About this task –
For each entry, output its words exactly and leave any picture behind.

Given records –

=== Section Start ===

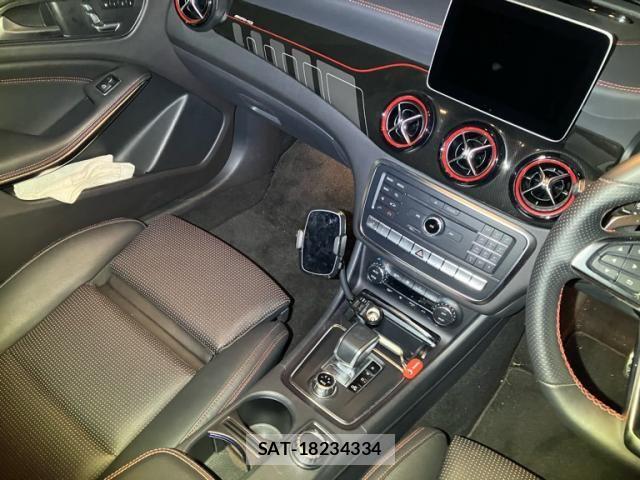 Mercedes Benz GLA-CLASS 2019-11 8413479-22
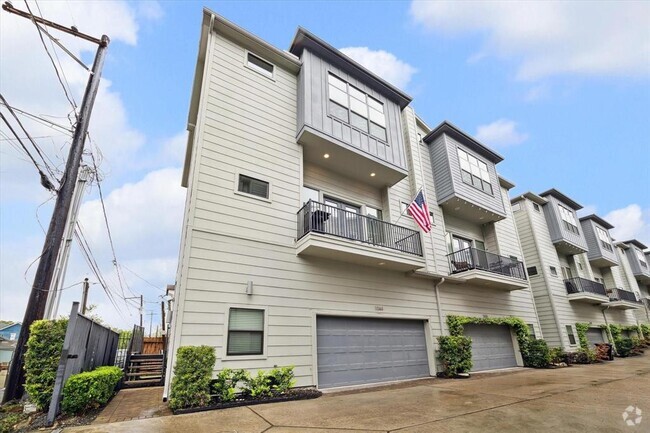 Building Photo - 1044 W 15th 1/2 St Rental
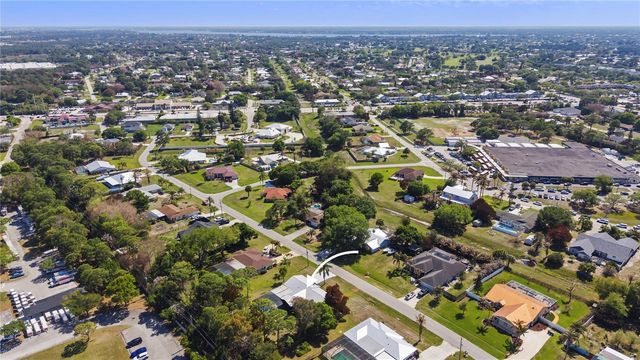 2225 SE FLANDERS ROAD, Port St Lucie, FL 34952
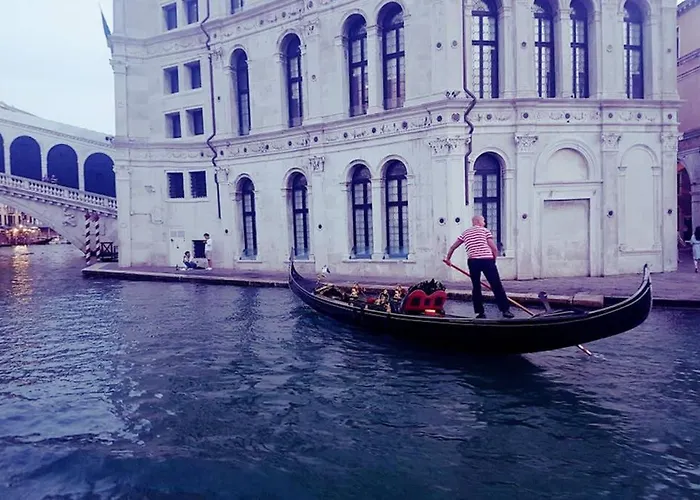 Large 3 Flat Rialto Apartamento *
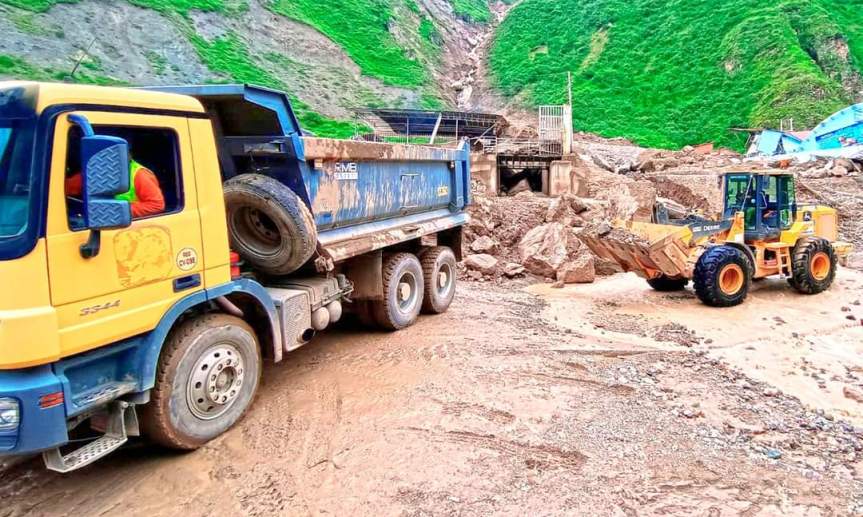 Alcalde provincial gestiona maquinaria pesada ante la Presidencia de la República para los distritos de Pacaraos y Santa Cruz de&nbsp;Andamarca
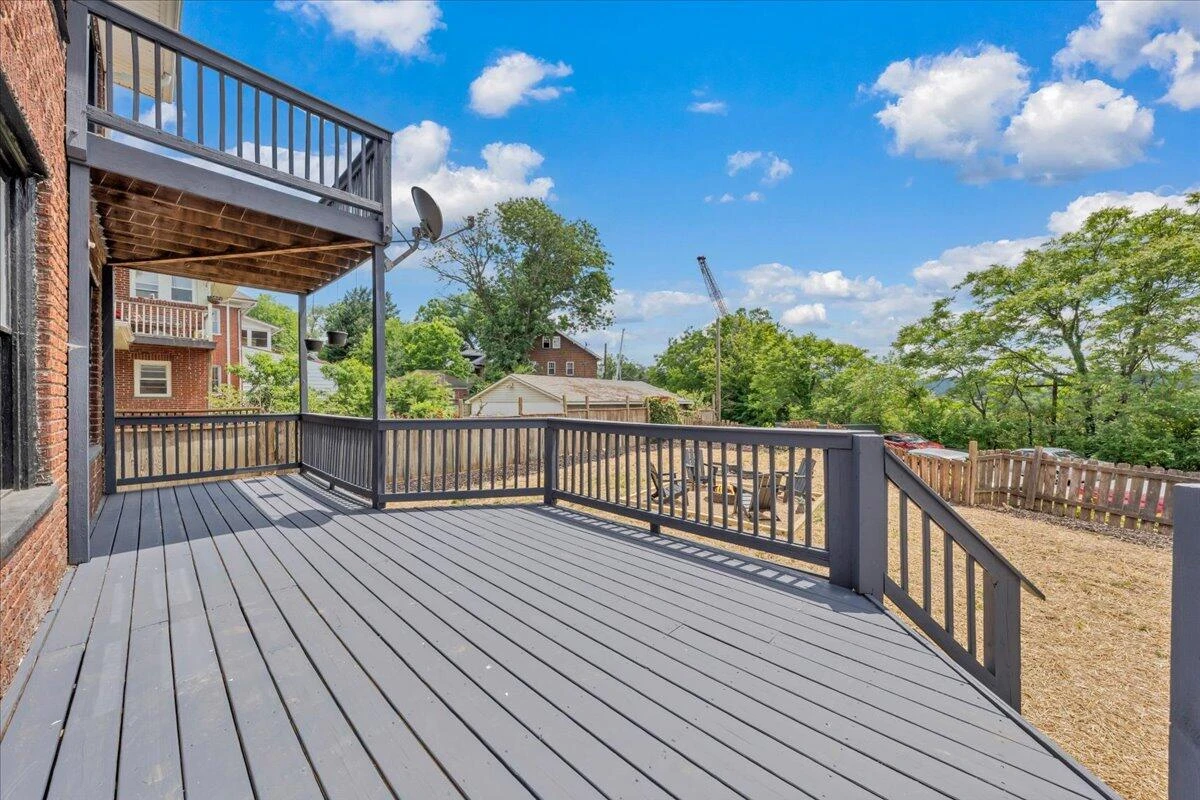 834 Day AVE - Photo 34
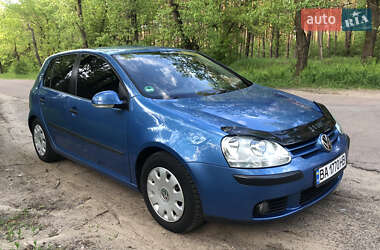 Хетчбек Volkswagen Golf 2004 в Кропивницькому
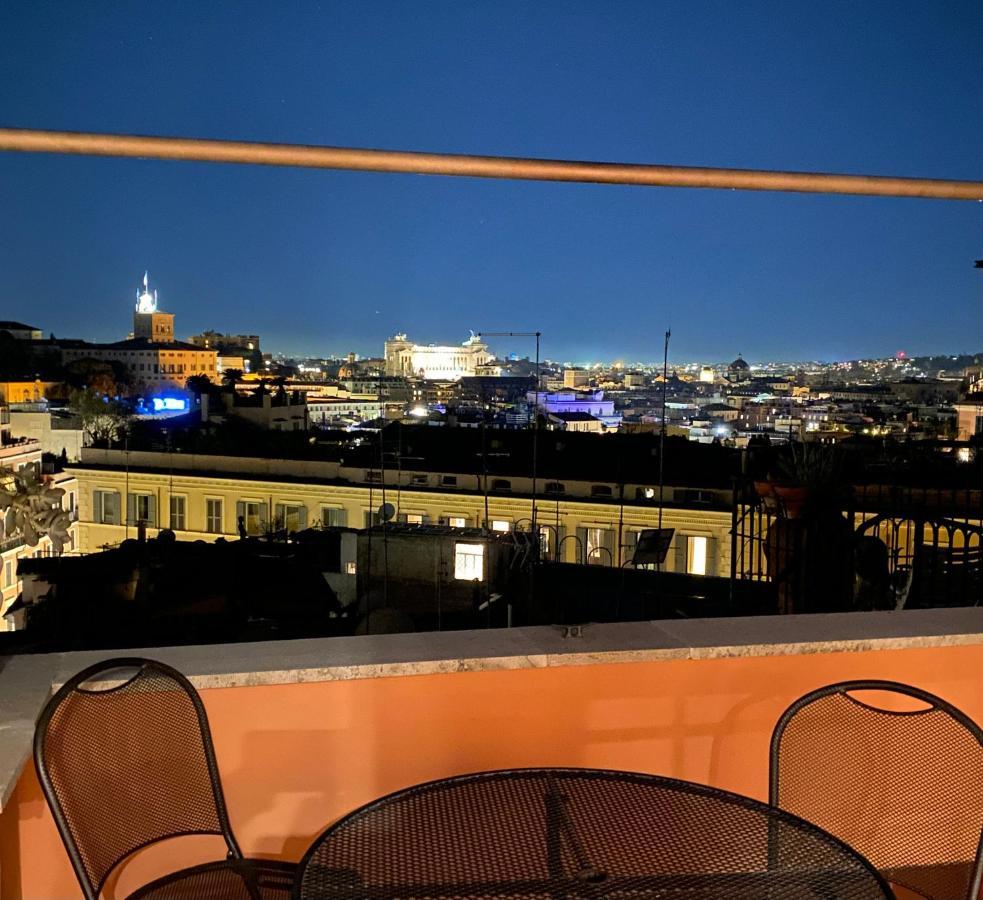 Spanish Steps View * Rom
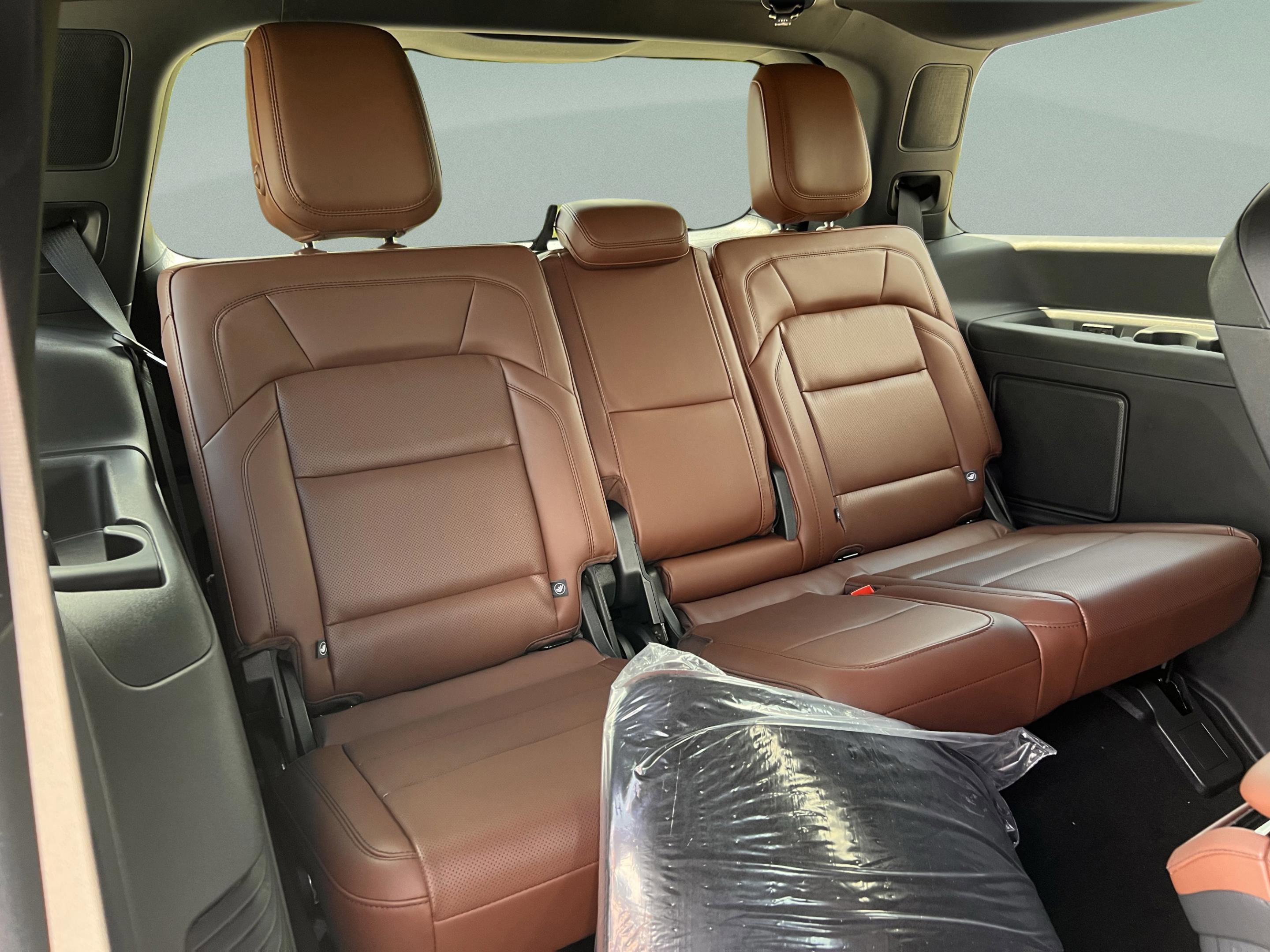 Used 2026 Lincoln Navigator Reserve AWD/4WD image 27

=== Section End ===

Written answer –
 Mercedes Benz GLA-CLASS 2019-11 8413479-22
 Building Photo - 1044 W 15th 1/2 St Rental
 2225 SE FLANDERS ROAD, Port St Lucie, FL 34952
 Large 3 Flat Rialto Apartamento *
 Alcalde provincial gestiona maquinaria pesada ante la Presidencia de la República para los distritos de Pacaraos y Santa Cruz de&nbsp;Andamarca
 834 Day AVE - Photo 34
 Хетчбек Volkswagen Golf 2004 в Кропивницькому
 Spanish Steps View * Rom
 Used 2026 Lincoln Navigator Reserve AWD/4WD image 27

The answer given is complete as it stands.